The Willy Kunkle part of Joe’s brain was tempted to respond, Whatever, to match Reiling’s own tinny bravura, but instead he kept it to, “I expect nothing less,” and escorted him out of the office.
He was still standing in the lobby, reviewing his impressions of the man who’d shared Beverly’s life for almost twenty years, when a soft
voice asked behind him, “My dad gone?”
He turned to see Rachel standing with the inner door held open in her hand, the look on her face hovering between quizzical and vulnerable.
He ushered her back into the office, surprised by the emotional lurch he felt in his chest at her appearance. “Yeah. Did you want to talk to him? I should’ve asked.”
“I’m fine.”
They walked over to a small side room where the squad kept the coffee machine, a microwave, and a fridge.

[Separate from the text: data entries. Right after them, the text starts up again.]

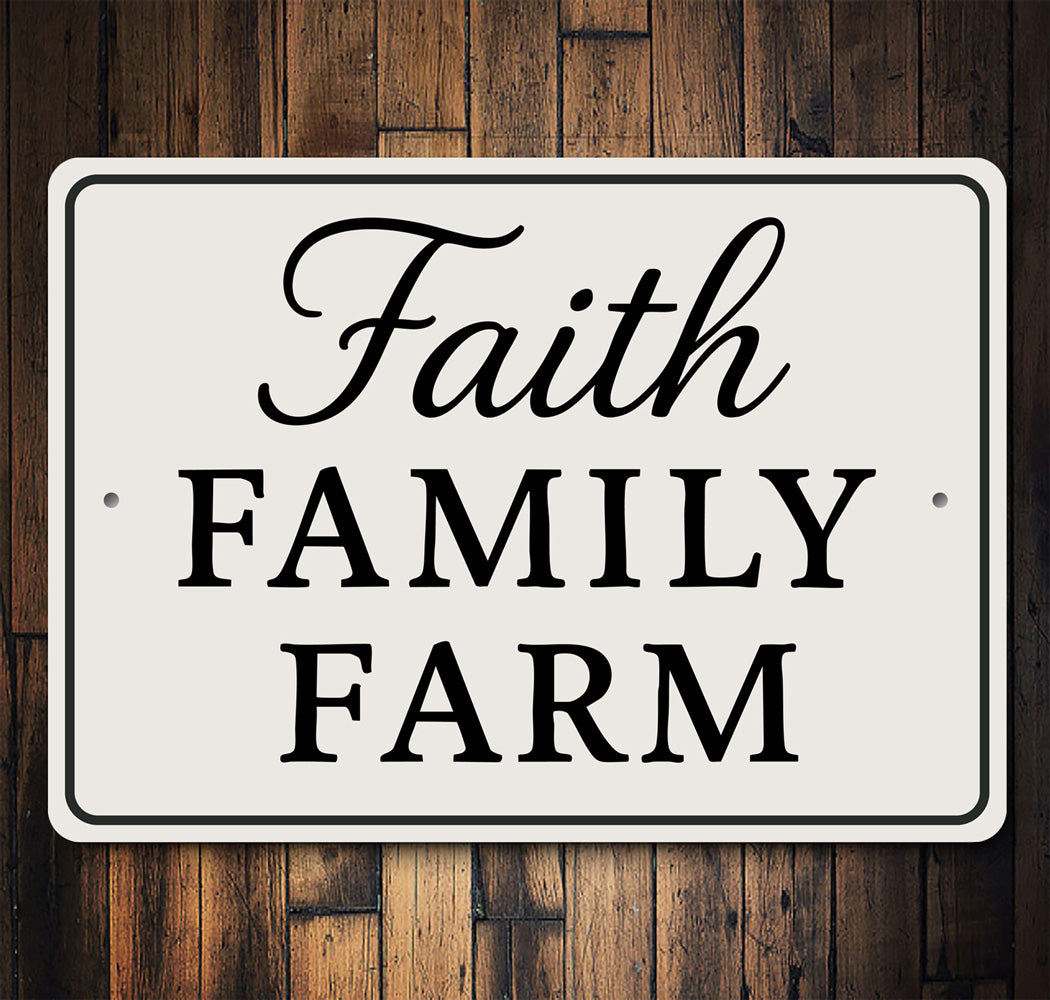 Rustic Faith Family Farm Aluminum Wall Sign Farmhouse Decor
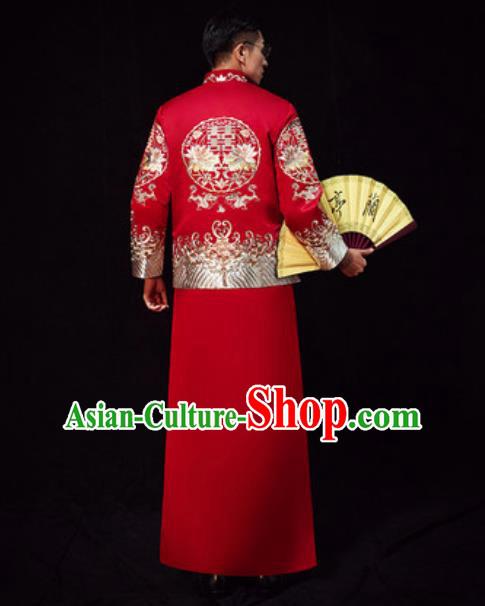 Chinese Traditional Wedding Costumes Ancient Bridegroom Long Gown for Men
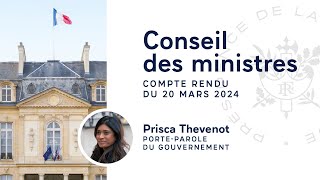 Compte rendu du Conseil des ministres du 20 mars 2024 [upl. by Morentz]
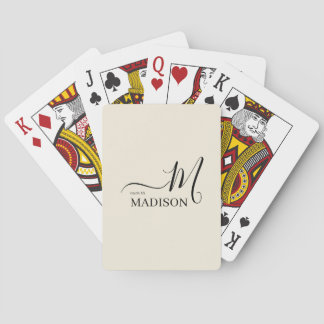 Black Biege Personalised Signature Name Playing Cards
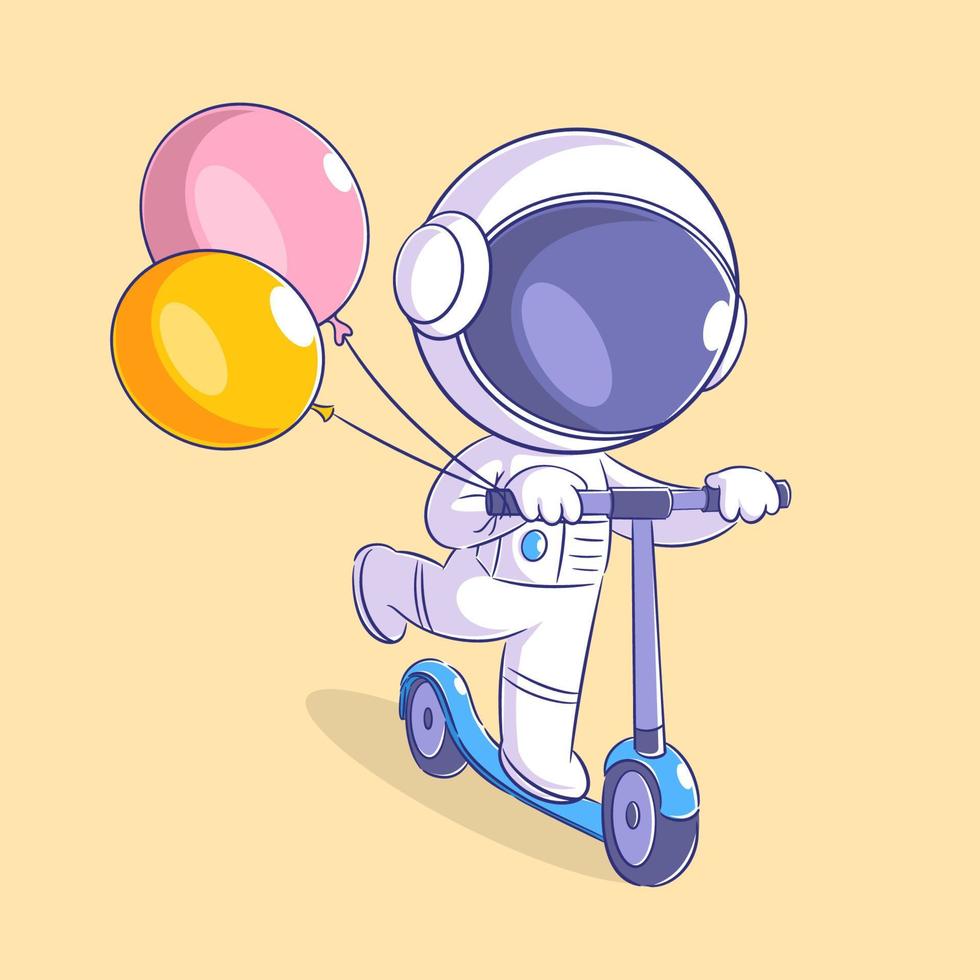 Astronauts playing on scooters and carrying balloons vector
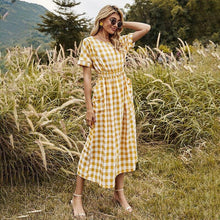 Load image into Gallery viewer, Women's large pocket casual cross back Plaid Dress spring summer - Sophornlilly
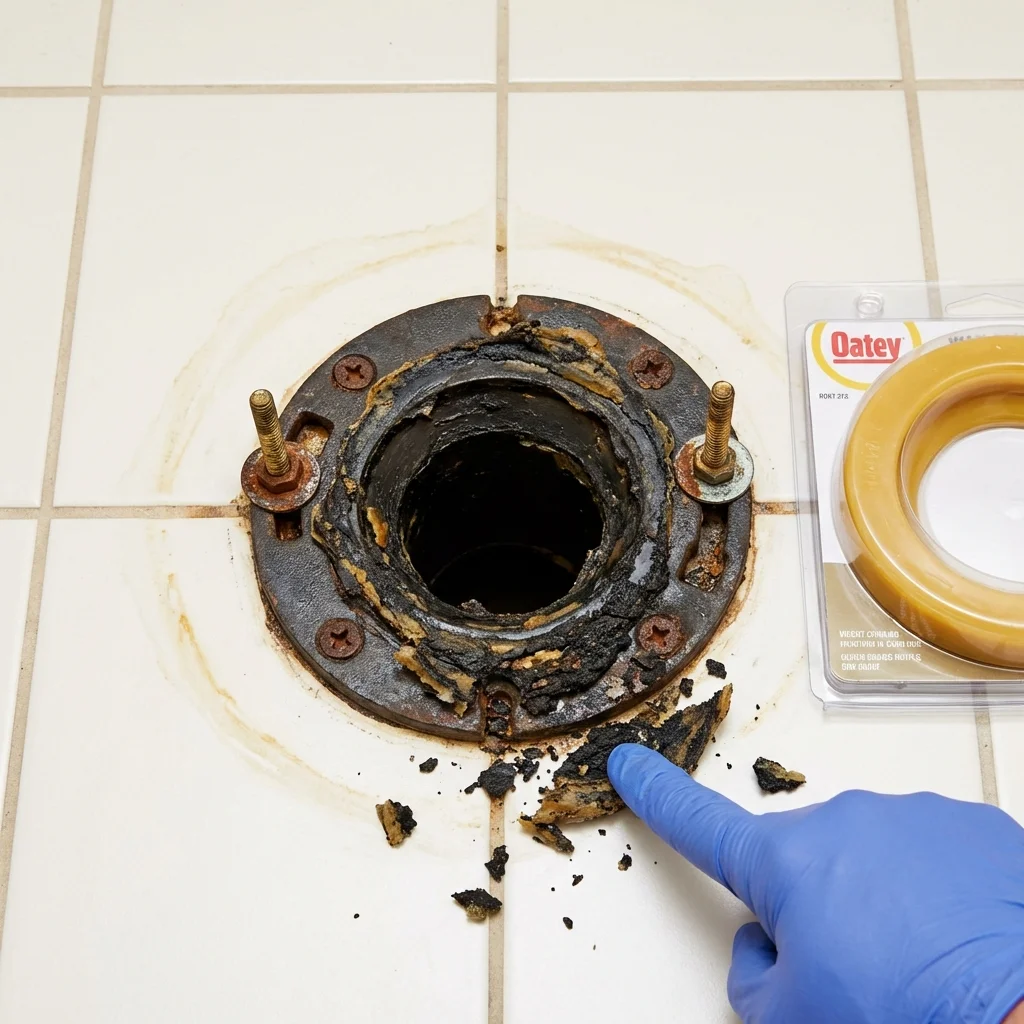 Failed wax ring showing water seepage at the base of a toilet in a Fremont, OH home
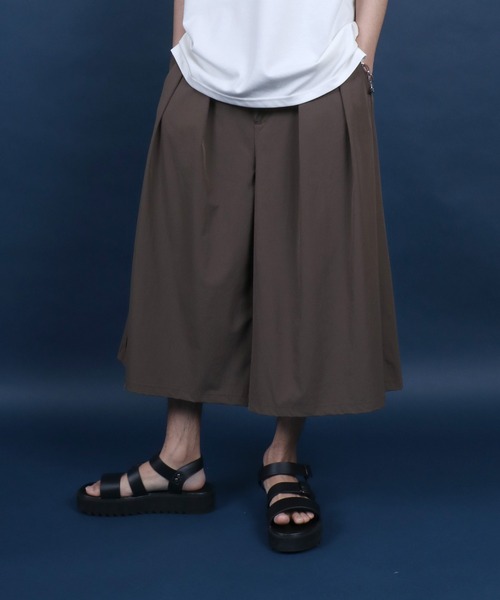 ANPAS(アンパス)の「Three quarter Stretch Wide Pants/ストレッチ ワイドパンツ ガウチョパンツ クロップド丈 7分丈 メンズ レディース(その他パンツ・メンズ・ブラック/ネイビー/ブラウン・M/L)」の1枚目の写真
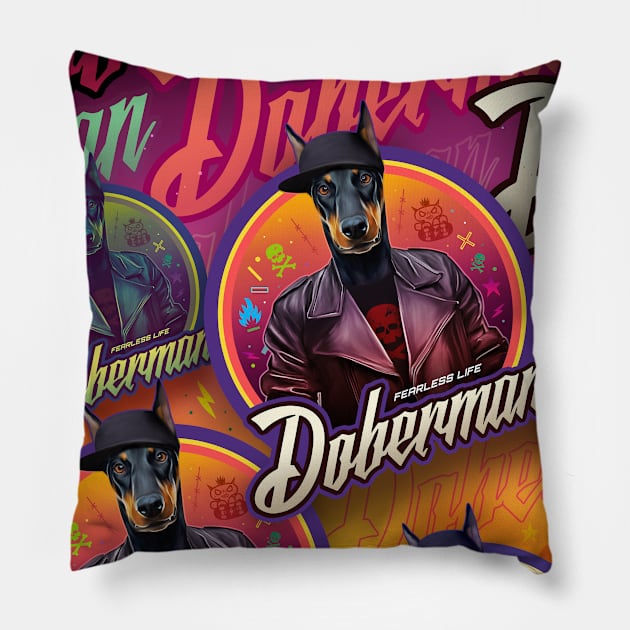 Doberman dog urban style v2 Pillow by Puppy & cute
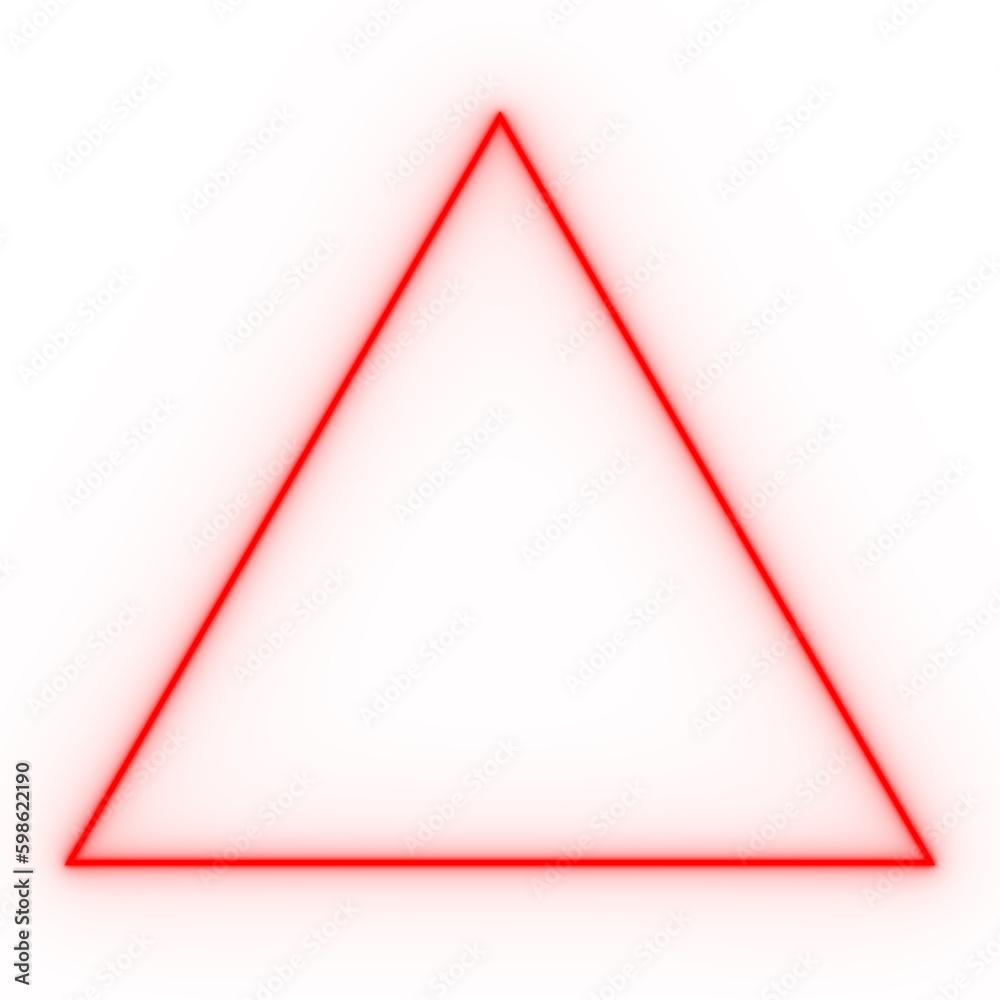 red neon triangle on a transparent background red neon triangle on a transparent background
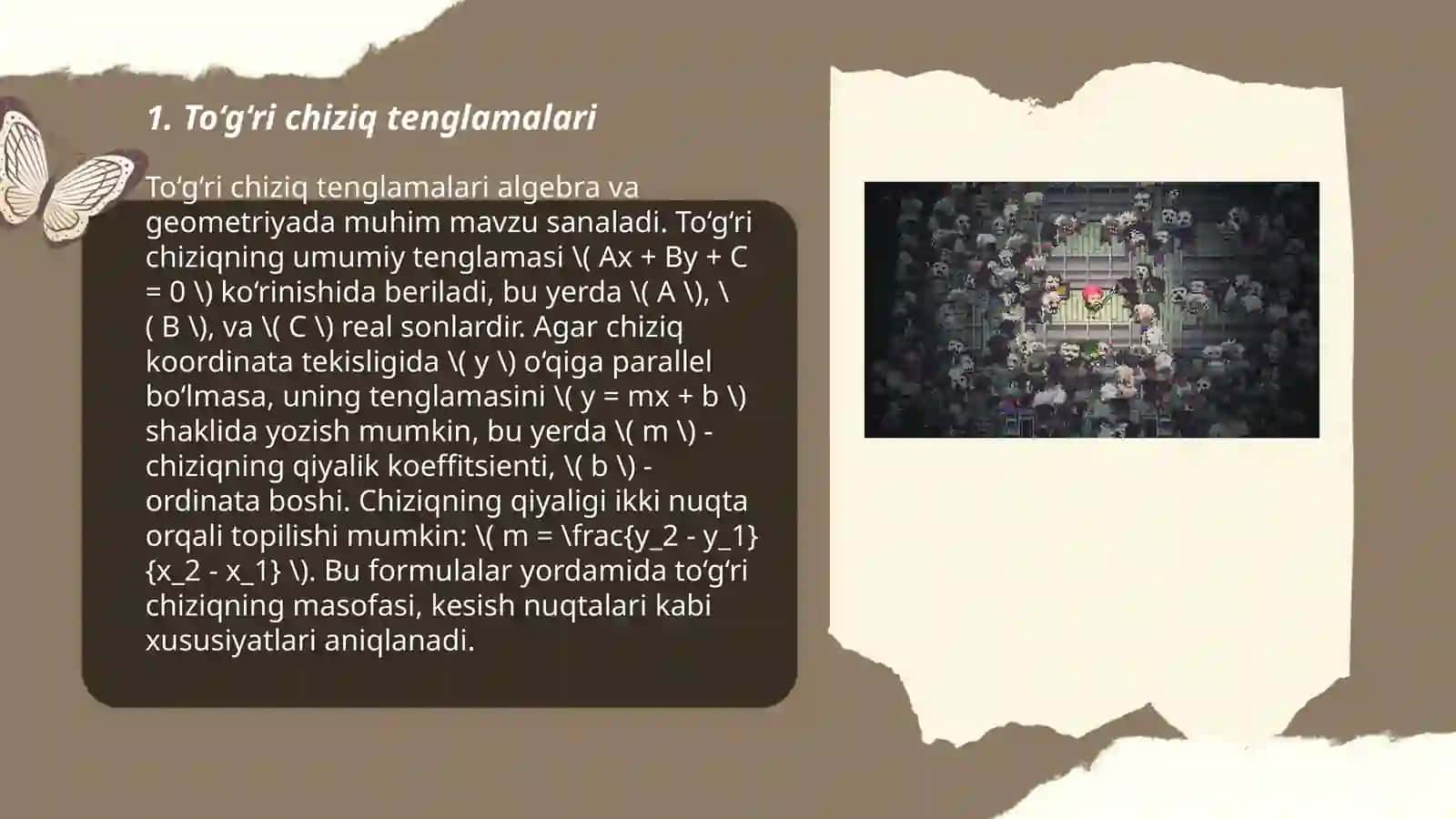 Toʻgʻri chiziqlarning koeffitsienti.orasidagi burchak.Toʻgʻri burchak chiziqlar 3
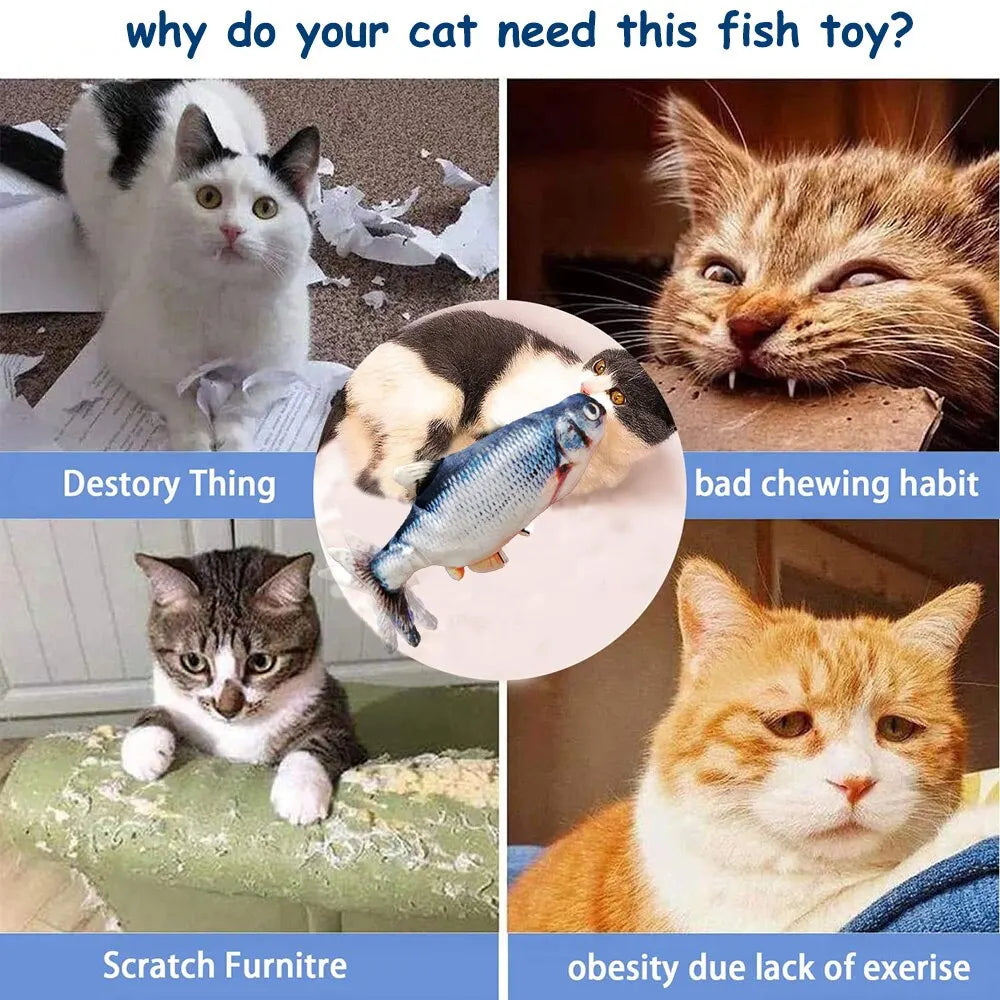Interactive 3D Pet Fish Toy USB Charger Plush Cat Chewing Toy  petlums.com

Joe poured them both coffee. “You two get along?” he asked lightly, guiltily hoping for a negative response.
“Okay,” she said. “We’re not buddy-buddy. Anne and I aren’t important enough.”
Joe silently stirred in his usual startling amount of cream and sugar.
“He was never around much,” she told him.
Joe stated the obvious as they returned to the room where they were keeping her until they set up alternative quarters. “He was building a pretty big career.”
“So was my mom,” she said simply.
That was true. Beverly had turned the medical examiner’s office into an enviable institution—to the point where she and members of her small staff were often asked to share their methods and practices with other state OCMEs across the country.
“She was home every night,” Rachel finished as they reached her door and entered. “Close enough, anyhow.”
They sat opposite each other as they had hours earlier, when her mother had been with them.
“Did the guys bring you everything you asked for from your dorm room?” Joe asked. “Clothes, books, iStuff?”
She finished sipping her coffee. “Yes, thank you.”
“We’ve almost set up where you’re going to be staying. We’re just putting the final touches on the security. I hope today hasn’t been too wearing.”
She didn’t answer, and the makeshift bedroom became awkwardly quiet. Joe considered what to say next.
“I know about you and my mom,” she said.
He focused on her face. “I’m sorry?”
She smiled, holding her mug in both hands. “It’s okay. I’m happy she’s found someone. So’s Anne. We talked about it.”